Should the plaintiff be deprived of part of her costs by late amendment to the Statement of Claim or Reply?
[23] It was submitted by the first defendant that the plaintiff was permitted to amend the Statement of Claim on the eve of trial and outside the limitation period to plead a new cause of action that defeated the first defendant's defence which would have limited her damages to $50,000. Therefore, so it was submitted, the plaintiff should not be entitled to any costs in relation to damages issues up to that time.
[24] The relevant amendments to the Statement of Claim and the plaintiff's Reply were permitted to be made on 18 March 2005. The trial itself commenced on 21 March 2005. When I granted leave to the plaintiff to amend I said that the first defendants had not satisfied me that there was any prejudice that could not be cured by an order for costs even though the amendments were very late.
[25] I do not accept that the amendment to the Statement of Claim defeated the first defendant's defence based on the contractual limitation of $50,000. The first defendant pleaded that the plaintiff was onboard the vessel pursuant to the written agreement contained in the Reservation Form, an express term of which limited its liability to $50,000: see paras 18-19 of the Sixth Further Amended Defence of the First Defendant.
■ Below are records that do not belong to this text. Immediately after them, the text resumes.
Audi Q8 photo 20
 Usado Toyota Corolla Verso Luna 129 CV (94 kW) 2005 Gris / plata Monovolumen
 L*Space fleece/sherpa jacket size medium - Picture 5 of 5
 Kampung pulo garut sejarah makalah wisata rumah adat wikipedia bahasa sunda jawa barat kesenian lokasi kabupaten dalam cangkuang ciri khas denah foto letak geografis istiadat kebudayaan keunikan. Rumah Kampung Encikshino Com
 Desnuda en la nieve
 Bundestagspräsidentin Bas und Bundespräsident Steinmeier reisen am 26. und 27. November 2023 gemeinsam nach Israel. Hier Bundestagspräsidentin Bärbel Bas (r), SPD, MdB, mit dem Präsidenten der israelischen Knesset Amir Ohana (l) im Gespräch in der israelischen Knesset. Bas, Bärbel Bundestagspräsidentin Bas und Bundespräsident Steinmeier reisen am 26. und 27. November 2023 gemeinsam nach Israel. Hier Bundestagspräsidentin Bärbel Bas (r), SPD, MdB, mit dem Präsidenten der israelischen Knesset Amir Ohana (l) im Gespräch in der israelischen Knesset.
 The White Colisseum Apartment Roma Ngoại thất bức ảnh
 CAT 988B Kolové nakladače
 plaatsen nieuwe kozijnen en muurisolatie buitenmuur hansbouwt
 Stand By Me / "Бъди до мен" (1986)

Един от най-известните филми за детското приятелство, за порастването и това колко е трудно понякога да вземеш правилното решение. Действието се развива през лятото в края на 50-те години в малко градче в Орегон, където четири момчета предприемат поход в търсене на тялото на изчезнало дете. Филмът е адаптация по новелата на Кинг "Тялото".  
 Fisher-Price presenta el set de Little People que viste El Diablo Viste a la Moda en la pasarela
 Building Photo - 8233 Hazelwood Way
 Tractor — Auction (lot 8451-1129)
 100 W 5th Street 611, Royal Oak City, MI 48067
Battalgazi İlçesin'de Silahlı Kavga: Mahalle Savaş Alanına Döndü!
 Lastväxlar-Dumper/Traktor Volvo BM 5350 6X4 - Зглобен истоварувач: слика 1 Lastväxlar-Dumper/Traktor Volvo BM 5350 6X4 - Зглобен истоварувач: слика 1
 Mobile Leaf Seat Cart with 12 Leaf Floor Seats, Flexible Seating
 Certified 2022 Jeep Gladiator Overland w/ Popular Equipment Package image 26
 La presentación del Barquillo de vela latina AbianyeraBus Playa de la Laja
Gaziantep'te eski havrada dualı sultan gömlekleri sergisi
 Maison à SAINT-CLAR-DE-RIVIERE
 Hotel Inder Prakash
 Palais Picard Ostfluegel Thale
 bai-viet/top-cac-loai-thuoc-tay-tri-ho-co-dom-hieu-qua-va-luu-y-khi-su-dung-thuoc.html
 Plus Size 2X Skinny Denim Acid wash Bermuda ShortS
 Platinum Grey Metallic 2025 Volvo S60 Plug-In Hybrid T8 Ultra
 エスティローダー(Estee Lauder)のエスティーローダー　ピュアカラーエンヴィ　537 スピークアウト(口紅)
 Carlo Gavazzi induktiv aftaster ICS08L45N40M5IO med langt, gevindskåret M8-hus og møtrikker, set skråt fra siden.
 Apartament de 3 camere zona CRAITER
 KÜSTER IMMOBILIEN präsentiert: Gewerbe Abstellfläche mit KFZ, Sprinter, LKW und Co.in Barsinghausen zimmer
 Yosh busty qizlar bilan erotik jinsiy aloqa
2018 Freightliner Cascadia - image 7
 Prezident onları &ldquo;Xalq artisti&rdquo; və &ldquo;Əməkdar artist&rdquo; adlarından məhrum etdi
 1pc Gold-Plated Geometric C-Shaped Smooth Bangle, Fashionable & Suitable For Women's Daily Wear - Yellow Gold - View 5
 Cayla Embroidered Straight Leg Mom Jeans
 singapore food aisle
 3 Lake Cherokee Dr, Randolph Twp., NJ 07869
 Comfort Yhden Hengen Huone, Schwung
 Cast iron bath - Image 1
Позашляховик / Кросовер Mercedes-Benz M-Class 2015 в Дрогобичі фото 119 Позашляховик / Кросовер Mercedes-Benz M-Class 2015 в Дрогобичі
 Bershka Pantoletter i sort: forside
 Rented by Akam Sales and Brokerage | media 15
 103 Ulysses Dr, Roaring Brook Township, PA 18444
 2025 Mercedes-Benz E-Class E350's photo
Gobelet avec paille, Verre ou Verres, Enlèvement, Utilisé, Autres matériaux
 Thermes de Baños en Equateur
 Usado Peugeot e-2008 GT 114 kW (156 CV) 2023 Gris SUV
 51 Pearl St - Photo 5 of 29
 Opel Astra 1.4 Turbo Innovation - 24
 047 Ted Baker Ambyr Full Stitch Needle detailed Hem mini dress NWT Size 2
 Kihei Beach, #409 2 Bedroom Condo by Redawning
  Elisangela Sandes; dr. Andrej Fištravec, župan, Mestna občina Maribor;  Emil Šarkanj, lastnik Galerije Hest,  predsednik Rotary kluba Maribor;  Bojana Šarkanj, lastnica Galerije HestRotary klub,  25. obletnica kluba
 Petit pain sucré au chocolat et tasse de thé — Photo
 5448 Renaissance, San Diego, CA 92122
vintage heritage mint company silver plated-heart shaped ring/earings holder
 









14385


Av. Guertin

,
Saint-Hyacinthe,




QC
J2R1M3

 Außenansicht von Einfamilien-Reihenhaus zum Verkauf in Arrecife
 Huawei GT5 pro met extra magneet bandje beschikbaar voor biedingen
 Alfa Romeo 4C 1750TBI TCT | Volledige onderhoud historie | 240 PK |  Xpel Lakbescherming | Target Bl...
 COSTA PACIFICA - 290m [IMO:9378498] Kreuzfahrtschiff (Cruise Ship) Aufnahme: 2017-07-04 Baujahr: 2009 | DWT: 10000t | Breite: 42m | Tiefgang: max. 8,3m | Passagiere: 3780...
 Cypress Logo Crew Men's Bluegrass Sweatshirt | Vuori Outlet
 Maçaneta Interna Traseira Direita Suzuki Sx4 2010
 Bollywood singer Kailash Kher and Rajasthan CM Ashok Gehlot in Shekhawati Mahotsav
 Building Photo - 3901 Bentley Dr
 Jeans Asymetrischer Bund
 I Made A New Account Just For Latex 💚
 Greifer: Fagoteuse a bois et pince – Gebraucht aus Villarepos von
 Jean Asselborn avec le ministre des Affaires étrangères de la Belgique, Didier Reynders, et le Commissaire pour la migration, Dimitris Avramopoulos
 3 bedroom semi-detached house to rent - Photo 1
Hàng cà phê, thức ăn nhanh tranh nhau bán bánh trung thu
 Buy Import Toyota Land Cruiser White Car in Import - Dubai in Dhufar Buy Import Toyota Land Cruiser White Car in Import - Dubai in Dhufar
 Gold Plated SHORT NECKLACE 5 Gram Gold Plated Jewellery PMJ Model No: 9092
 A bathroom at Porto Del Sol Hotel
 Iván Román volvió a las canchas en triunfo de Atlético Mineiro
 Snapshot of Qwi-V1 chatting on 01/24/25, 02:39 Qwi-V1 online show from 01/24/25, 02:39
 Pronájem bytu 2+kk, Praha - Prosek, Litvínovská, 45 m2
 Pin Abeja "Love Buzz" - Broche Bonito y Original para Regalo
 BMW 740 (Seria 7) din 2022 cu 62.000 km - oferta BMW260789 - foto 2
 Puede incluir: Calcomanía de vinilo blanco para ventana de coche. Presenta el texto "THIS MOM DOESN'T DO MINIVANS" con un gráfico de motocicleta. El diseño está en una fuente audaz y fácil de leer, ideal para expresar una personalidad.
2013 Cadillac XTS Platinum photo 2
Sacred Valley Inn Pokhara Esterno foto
The reason why this claim failed was because the term relied upon was, by virtue of the operation of s 68 of the Trade Practices Act (Cth) void and unenforceable: see the principal judgment para [81]. That question was raised by the plaintiff's Amended Reply. However I do accept that leave to amend the Reply to raise the Trade Practices Act "defence" was not formally sought until 18 March 2005, although notice that it was to be raised was given to the first defendant probably on 1 or 2 March 2005.
[26] There is much force in the plaintiff's submission that this was not like raising a limitation defence; it did more than raise a procedural bar. It raised a question of substantive law as to whether or not the clause was illegal and void. Nevertheless that was a matter which had to be expressly pleaded: see O 13.07(1)(a), O 13.07(1)(b) and O 13.02(2). On 2 March 2005 the first defendant made an offer of compromise of $600,000. Up to then the only offer made was one of $50,000 on 18 January 2005: see Ext L52. Despite Mr Maurice QC's submission, I think I should draw the inference that the change in the size of the offer was very much the result of the first defendant becoming aware of the Trade Practices Act "defence". But it does not follow that any cost consequences necessarily follow as a result.
[27] Even making every favourable assumption to the first defendant that might be made - by which I mean, for example, that the first defendant, in ignorance of the law, did not know that the limitation clause breached Federal law - what is clear is that when this matter was raised it resulted, at best, only in an offer of $600,000. If the offer had been closer to $1.3m the first defendant might have been able to complain that if that matter had been raised sooner, they could have made a realistic offer much sooner in order to protect their position on costs. That the offer made was well below the ultimate verdict shows that no prejudice flowed in allowing that matter to be raised when it was. I see no reason to deprive the plaintiff of any of its costs on that basis.
[28] The same considerations apply to the late amendment to the Statement of Claim, the effect of which was to preclude the first defendant from relying on the plaintiff's contributory negligence. I have found that the plaintiff was guilty of contributory negligence and would have reduced her damages by 20 per cent: see the principal judgment at paras [104]-[110]. Such a reduction would not have reduced the ultimate judgment sum to a figure of or below $600,000. There is therefore no reason to disallow any of the plaintiff's costs on this basis.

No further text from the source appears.